Definition: The image of a map $f : X \to Y$ is the set $\mathrm{im}(f) = \{y \in Y \mid \exists x \in X \,.\, f(x) = y\}$.
Definition: A set $X$ is infinite when for every $n \in \mathbb{N}$ and every map $f : [n] \to X$ there is some $x \in X$ which is not in the image of $f$.
Lemma 1: An infinite set $X$ contains an element.
Proof. Because $X$ is infinite there is $x \in X$ which is not in the image of the unique map $[0] \to X$. QED.
Lemma 2: If $X$ is infinite then there exists a map $c$ such that $c(n,f) \in X \setminus \mathrm{im}(f)$ for every $n \in \mathbb{N}$ and every $f : [n] \to X$.

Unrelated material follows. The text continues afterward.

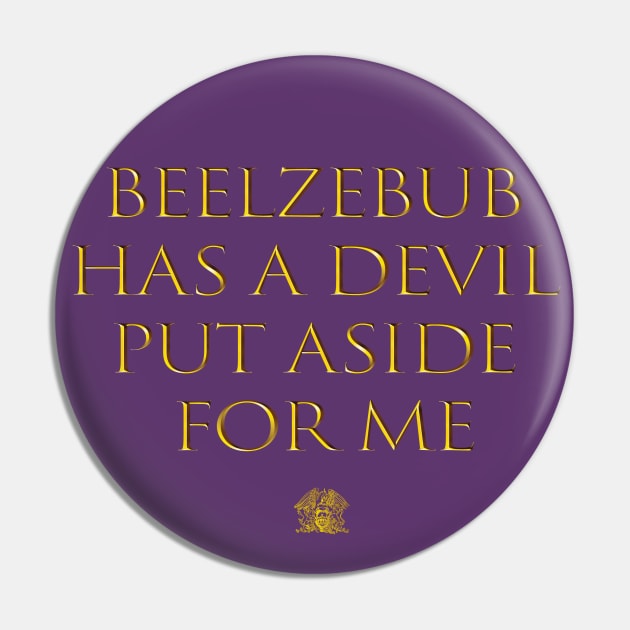 Beelzebub Has a Devil Put Aside for Me - Song Lyrics - Pin TeePublic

Proof. For every $n \in \mathbb{N}$ and $f : [n] \to X$ the set $X \setminus \mathrm{im}(f)$ contains an element because $X$ is infinite. By the axiom of choice there exists a choice map $c$ such that $c(n,f) \in X \setminus \mathrm{im}(f)$ for all $n$ and $f$. QED.

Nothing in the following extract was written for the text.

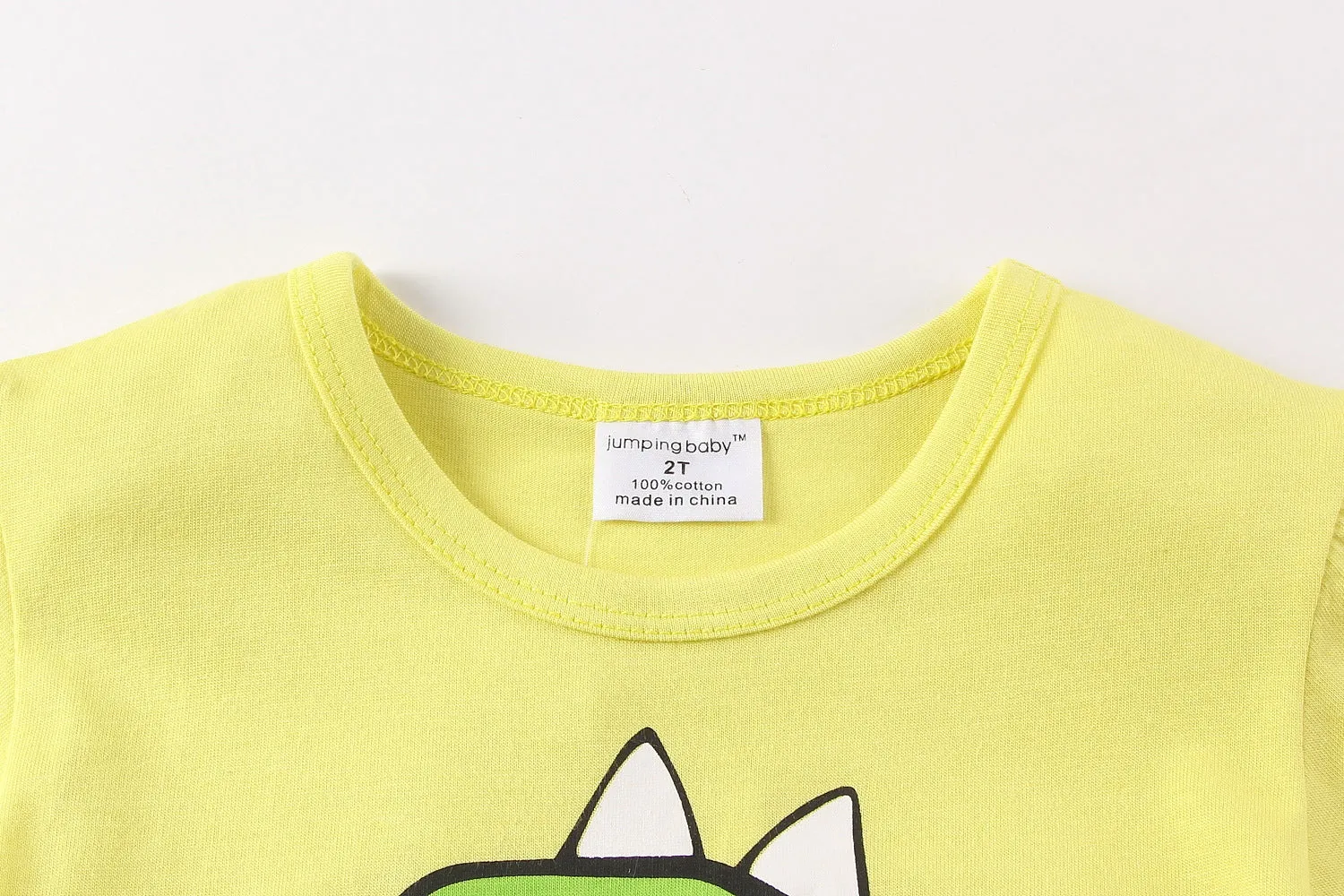 Happysaur kids Yellow T-shirt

Here is an informal explanation of the map $c$. Given an infinite set $X$ and any elements $x_0, \ldots, x_{n-1} \in X$, we may view the tuple $(x_0, \ldots, x_n)$ as a map $f : [n] \to X$ where $f(k) = x_k$. By a slight abuse of notation we can then write $c(n,f)$ as $c(x_0, \ldots, x_{n-1})$. Now we see that $c$ accepts finitely many elements of $X$ and returns an element in $X$ which is different from all of them.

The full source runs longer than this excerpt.